A faithful, complete copy of the entries is the sole expected answer.

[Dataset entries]
╔══

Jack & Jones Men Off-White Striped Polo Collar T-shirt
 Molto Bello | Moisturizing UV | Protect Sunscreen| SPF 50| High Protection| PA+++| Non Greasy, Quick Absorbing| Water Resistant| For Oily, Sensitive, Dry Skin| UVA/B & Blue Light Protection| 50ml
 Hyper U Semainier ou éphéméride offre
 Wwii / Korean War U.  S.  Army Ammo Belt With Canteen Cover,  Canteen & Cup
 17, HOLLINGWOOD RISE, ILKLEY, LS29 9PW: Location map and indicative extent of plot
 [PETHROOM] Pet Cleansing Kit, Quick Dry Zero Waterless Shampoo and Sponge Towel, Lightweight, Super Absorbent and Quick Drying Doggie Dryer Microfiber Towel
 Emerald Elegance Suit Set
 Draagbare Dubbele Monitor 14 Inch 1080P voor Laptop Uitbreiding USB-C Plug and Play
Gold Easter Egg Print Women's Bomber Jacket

╚══

◆ EXPECTED ANSWER:
Jack & Jones Men Off-White Striped Polo Collar T-shirt
 Molto Bello | Moisturizing UV | Protect Sunscreen| SPF 50| High Protection| PA+++| Non Greasy, Quick Absorbing| Water Resistant| For Oily, Sensitive, Dry Skin| UVA/B & Blue Light Protection| 50ml
 Hyper U Semainier ou éphéméride offre
 Wwii / Korean War U.  S.  Army Ammo Belt With Canteen Cover,  Canteen & Cup
 17, HOLLINGWOOD RISE, ILKLEY, LS29 9PW: Location map and indicative extent of plot
 [PETHROOM] Pet Cleansing Kit, Quick Dry Zero Waterless Shampoo and Sponge Towel, Lightweight, Super Absorbent and Quick Drying Doggie Dryer Microfiber Towel
 Emerald Elegance Suit Set
 Draagbare Dubbele Monitor 14 Inch 1080P voor Laptop Uitbreiding USB-C Plug and Play
Gold Easter Egg Print Women's Bomber Jacket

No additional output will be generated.